The crypto market’s most significant regulatory variable may not be a Senate committee vote but the November 3 midterm elections, with TD Cowen, TD Securities, and multiple legal analysts warning that the CLARITY Act could slip off the congressional calendar entirely if it does not clear the Senate before summer.
Summary
The CLARITY Act passed the House in July 2025 by a 294 to 134 vote and has stalled in the Senate since, caught between disputes over stablecoin yield, DeFi oversight, and ethics provisions targeting crypto holdings by government officials. The Senate Banking Committee markup was originally scheduled for January 15, postponed when Coinbase pulled support hours before the vote, and has not been formally rescheduled. As TheStreet reported, TD Cowen’s Seiberg warned that resolving the standoff will require President Trump’s personal intervention to force both sides toward compromise.
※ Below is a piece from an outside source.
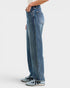 Person wearing blue jeans on a white background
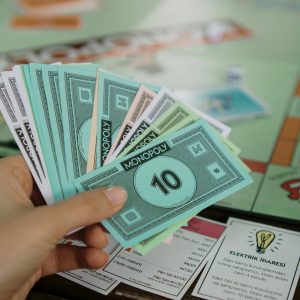 Hand holding colorful Monopoly money over a game board, symbolizing strategy and play.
The May deadline is not arbitrary. The Senate avoids controversial floor votes in the months immediately preceding midterms, and the August recess effectively closes the calendar for legislation requiring broad bipartisan support.
The electoral math is structural. Republicans hold slim majorities in both chambers. Even with full Republican support, the CLARITY Act needs Democratic votes, and Democratic senators facing competitive seats have no political incentive to vote for a bill the White House is claiming as a win, particularly while ethics provisions targeting Trump family crypto holdings remain unresolved. Legal analyst John E. Deaton put it directly: “If we get into the summer months, it’s just probably not going to happen.” TD Securities’ Seiberg put the probability of pre-midterm passage at more likely 2027 than this year in January, with full implementation pushed to 2029.
JPMorgan analysts had described CLARITY Act passage by midyear as a positive catalyst for digital assets, citing institutional scaling and tokenization growth as direct beneficiaries. Standard Chartered estimated that an open-ended yield provision could redirect up to $500 billion in deposits, making the bill’s outcome material to stablecoin market structure. The Georgia-14 and Wisconsin Supreme Court results on April 7, both showing Democratic overperformance against historical baselines, added urgency to the calculus.
As crypto.news has reported, the bill still faces a Senate Banking markup, a Senate Agriculture markup, a floor vote, and a conference process before reaching the president’s desk. As crypto.news has noted, the GENIUS Act’s stablecoin framework advances independently, but the market structure provisions in CLARITY, including SEC and CFTC jurisdictional clarity and DeFi oversight rules, have no alternative legislative path. Deaton’s warning may prove to be the most accurate single-sentence forecast for where the bill stands by June: “Come summer, the midterms are going to consume everything in this country.”